Race for the Polls

It seems as if every conversation I had today (Tuesday), and about half of the e-mails, focused on poll methodology and accuracy. This spike of interest, of course, is due to the two polls released yesterday that showed Governor Perry falling below 35%. The San Antonio Express News ran a story headlined, TWO POLLS SHOW PERRY DEFEAT IS POSSIBLE.

As I have written repeatedly, the poll that I think is the least credible is Zogby/Wall Street Journal/Battleground States. I can’t believe the Journal allows its name to be attached to this so-called poll. Most of the audience for this poll is self-selected. The poll’s Web site describes the process as “interactive”–that is, it’s an Internet poll, based on a database of individuals who have signed up to participate. It is not a random sample; the polling organization solicits responses by e-mail. In addition, the poll takers make about 20 to 50 phone calls in the state where a race is taking place. The poll does not mention a screen for likely voters. Without referring to Zogby, a rival polling organization, Survey USA, says, “It’s important to note the distinction between polls that are scientific and statistically sound versus those that are ‘just for fun.’ Some Internet polls, for instance, aren’t scientific or reliable because people who participate are not representative of the population as a whole.”

The surest way to spot a poll with a dubious methodology is to look for huge swings that cannot be accounted for by events. Take the Hutchison-Radnofsky Senate race. The only news to come out of this race has been Radnofsky’s criticism of Hutchison for not debating more frequently. Yet Zogby shows Hutchison with less than 50% of the vote, 45.2% to 36.8%, with the Libertarian candidate polling at more than 7%. Just last month, Rasmussen was reporting Hutchison 61%, Radnofsky 31%. The result is so obviously out of line with the previous poll–not to mention with reality–that Zogby had to hedge on its own poll: “…Republican Sen. Kay Bailey Hutchison is a safe bet to win a third term, although Democratic challenger Barbara Ann Radnofsky, boosted by strength among independent voters, narrowed her deficit to around 9 percentage points, from about 18 points in mid-August.”

The Rasmussen organization does not publish its methodology. The poll reveals only that the results are based on a survey of 500 likely voters. I made a couple of calls to consultants today, and I was told that Rasmussen is an automated poll, which means that respondents reply to recorded questions by pressing a button on their telephone. This is somewhat controversial in the polling world, as there is speculation that automated questions cause people to hang up. Some polls may target a specific person at an address (say, a regular Republican primary voter) but if another person answers (say, a regular Democratic primary voter), there is no way for the polling organization to know. Still, automated polling has come to be regarded, grudgingly, as pretty accurate. It is also cheaper than using a call center and paying live people to make the calls and ask the questions.

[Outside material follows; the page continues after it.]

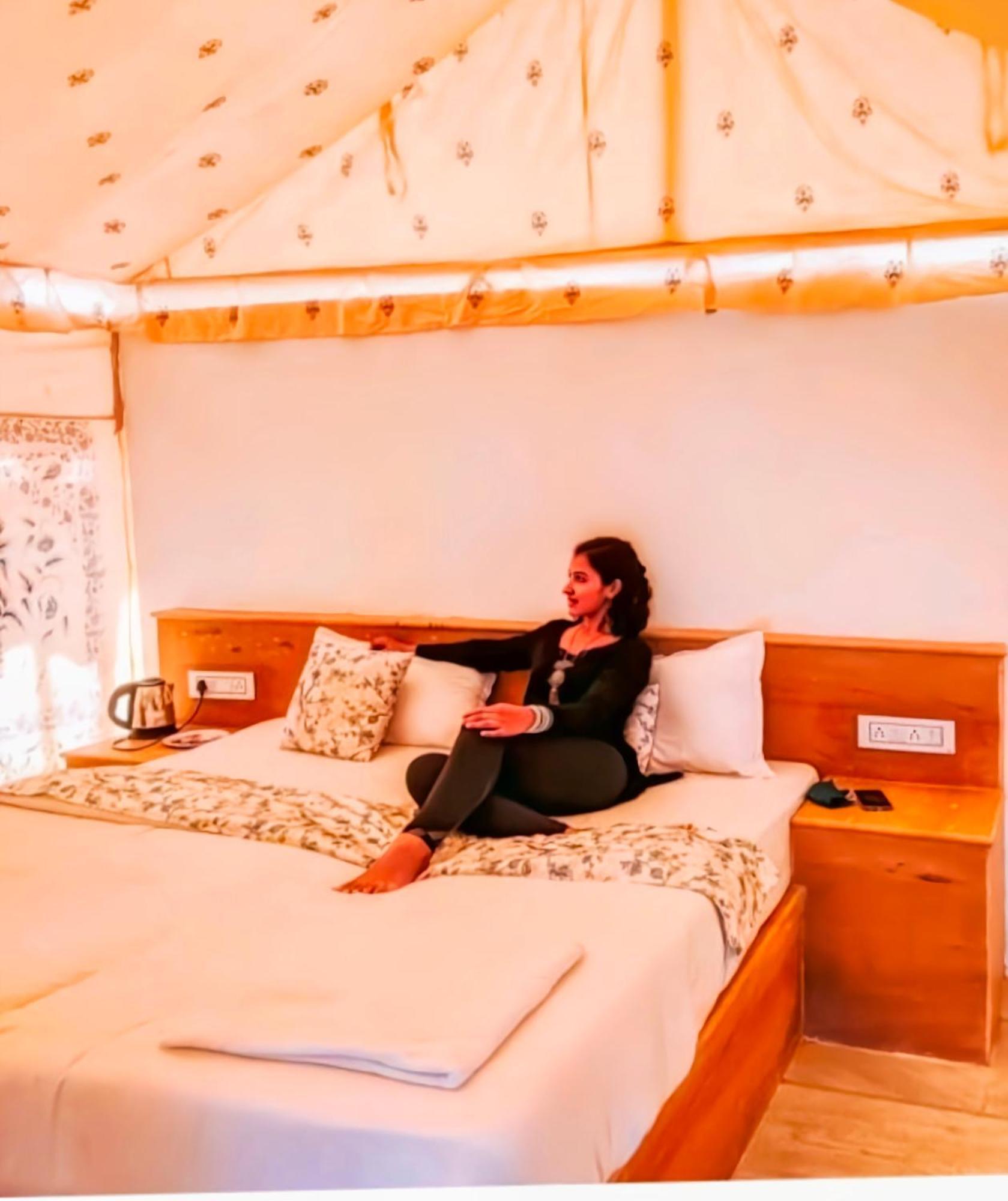 The Saffron Desert Camp Jaisalmer Exterior foto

Rasmussen and Zogby were far apart on everybody except Perry (Zogby results are in parentheses):

Perry 33% (30.7)
Strayhorn 22% (11.1)
Bell 18% (25.3)
Friedman 16% (22.9)

The third polling organization that tracks state races is Survey USA. This is another automated poll. The difference between it and others is that the questions are read by professional announcers. Survey USA contends that this eliminates errors made by amateur callers that could skew poll results. The last Survey USA poll (576 likely voters) in the governor’s race occurred in June, before the birth of this blog (ah, those were the days):

Perry 35%
Friedman 21%
Bell 20%
Strayhorn 19%

These results are not far from the 40/20/20/20 model that seemed to define the race for most of the summer.

Rasmussen claims to have been “the nation’s most accurate polling firm during the [2004] Presidential election and the only one to project Bush and Kerry’s vote total within half a percentage point of the actual outcome.”

Survey USA doesn’t brag. It does publish an election poll scorecard that compares the work of all major pollsters. Everything you could possibly want to know–no, make that more than you want to know–about Survey USA’s polling history can be found on the Web site. The poll did quite well in 2004 (President, Senator, Governor races):

Average error on the margin of victory:
1. Mason-Dixon 1.3%
2. Survey USA 1.5%
3. Strategic Vision 1.5%
4. Rasmussen 1.6%
9. Gallup 2.2%

Percent of polls outside the margin of error:
1. Survey USA 0.0%
2. Rasmussen 5.1%

On its home page, Rasmussen cites an article from Slate, the online political journal, proclaiming it the most accurate pollster in the 2004 election. To make a long story short–and you can see for yourself it’s very long because I’m going to include a large segment of it below–the automated pollsters whipped the pants off the live-voice pollsters. I have received some e-mails from Perry supporters disparaging automated polling; in particular, they questioned the reliability of Survey USA’s report on August 22 that the governor’s approval rating had dropped nine points (from 52% to 43%) since the July poll. I think the Slate piece affirms Survey USA’s credentials. Warning: This isn’t exactly light reading. It’s definitely for junkies only.

“Automation. Before the election, we publicly doubted and privately derided Rasmussen and SurveyUSA, which used recorded voices to read their poll questions. We rolled our eyes when they touted the virtues of uniformity and when they complained that live interviewers “may not know how to read or speak the English language,” could “chew gum,” or might “just make up the answers to questions.” It sounded to us like a rationalization for cutting costs.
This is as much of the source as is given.